Everything on the Stack

Janthinidae janthinidae at gmail.com
Wed Feb 22 12:02:17 PST 2012


First thanks for you long response,

> > I'm currently working on project where hard RT
> > requirements matter. In most places the GC is not suitable.
> 
> Please, show me the benchmarks you have seen or written, that rule out the D GC for your purposes. There's always the possibility that you have written bad benchmarks.

There is no benchmark, it's just that the software has to have a
worstcase latency to some relevant below 1 ms. If the GC kicks in the
wrong time shit happens. With not using malloc at all or the GC I just
have some kind of proof that this will never be a problem.
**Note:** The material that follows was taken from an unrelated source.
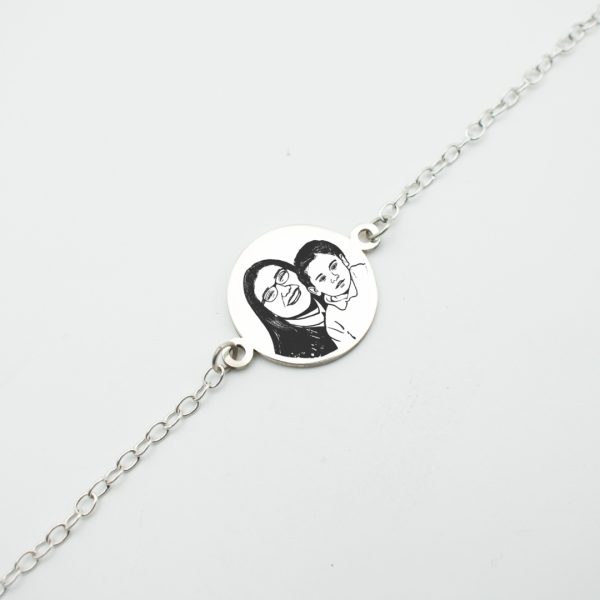 TESORA0011 Pulsera circular grabada en plata 950 para caballero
> > I think that only "struct" and "scope class" are suitable to create
> > objects. structs have the simple advantage that I don't have to type
> > "scope" in my whole program (can't alias it e.g.), but have the
> > disadvantage that I can't use an interface nor inheritance.
> 
> scope, used for your purpose, is deprecated (another usage of scope, for function arguments, to avoid them to exit the function scope, or to avoid to pass heap-allocated closures to functions, is still usable).
> As Trass3r has said, there is a replacement for scoped classes (but it has some problems still).

I looked at this class and just have seen that it internally uses a
uint8 array to store the data. This means executable size gets larger
and larger like for any other array.

> scope was deprecated also because it was broken. The library defined "scoped" is similarly broken, but better to have a broken library than a broken language feature :-)
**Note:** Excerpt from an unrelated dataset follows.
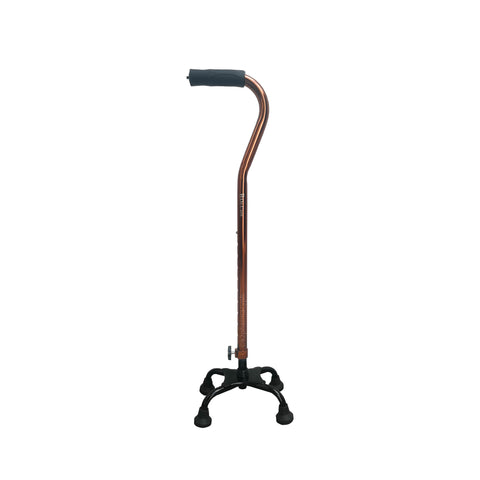 Px Dr. Care Stainless Quad Cane with Offset Rubber Handle in Brown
Ok didn't knew that it is deprecated.

> > The next thing I tried to solve is some kind of a templated Queue
> > class, which can store anything. In C++ it's easy to write a container
> > class that only works on the stack and uses some uninitialized bytes of
> > memory and placement new to copy construct objects into the Queue. With
> > "scope class" this seems to fail because it seems to be impossible to
> > return a class if it's type uses "scope" class. Missing copy
> > construction one could probably solve manually, by just carefully
> > create an own core class library (or just juse memcpy).
> 
> Generally what's possible in C++ is possible in D too, even if maybe in a different way. I think all you say here is doable in D too, with different means.
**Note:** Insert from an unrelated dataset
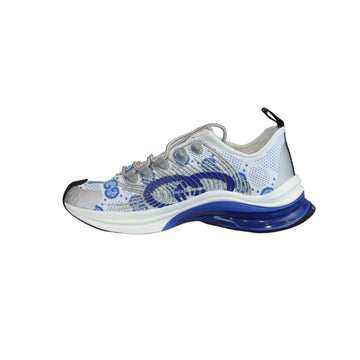 Gucci Run Sneakers Knit Fabric GG Monogram Blue White Size 6.5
Yes both are Turing complete :) But after all I hope that D makes
things easier and helps me to spot errors of certain aspects of my
program.

> > Another problem with my whole, everything on the stack idea, is that D
> > limits my arrays to an internal limit (any paramter to change it?).
> > It's easy to create a stack overflow anyway, so why a limit?
> 
> Walter says the limit is present because linkers have such limits and different linkers have different limits. So I think to allow people to compile (link) D code with different linkers, there is a built-in limit that is probably smaller than the limit of most linkers.
> Walter also says that past a certain size, it's not good to allocate an array on the stack, and it's better to allocate it on the heap. If you really want the stack there is alloca(), but I think allocating a single chunk of memory from the D-GC or C heaps at the start of the program, doesn't damage the hard RT qualities of your code.

Ok I understand it, but if some linkers fail, then isn't this the
linkgers problem? I still think something like an option would be nice
until the compiler can ask the linker (which never may happen). Even if
we would say D has the correct approach here, then one can ask why it's
not possible to write

int[10000000] t10 = void;

but possible to write

int[1000000] t0 = void;
...
int[1000000] t0 = void;

But the problem for me here is that all static arrays are in the .data
section (that's why I mentioned it) and make the executable that big.
If I declare an array with "Type[N] = void" I somehow expect, that it
is not initialized and that there is no data allocated in the .data
section.

Trying everything with alloca is maybe a better idea (and rewriting the
Scope template).

> > That the new core.memory.GC somehow misses a function to
> > analyze if there is any hidden malloc in any used function would be
> > usefull as well, because it's not always obvious which construct had
> > what effect (forgetting scope on a delegate etc...)
> 
> I have an enhancement request related to this, that usually people appreciate:
> http://d.puremagic.com/issues/show_bug.cgi?id=5070
> I think there is a similar enhancement request for generic allocations. Plus I have suggested a @noheap annotation, but it was not appreciated by Don.
> I suggest you to ask for this feature in the main D newsgroup. The more people asks for something similar, the more probable/sooner that it will be implemented.

Ok I'll do that. Thanks once more.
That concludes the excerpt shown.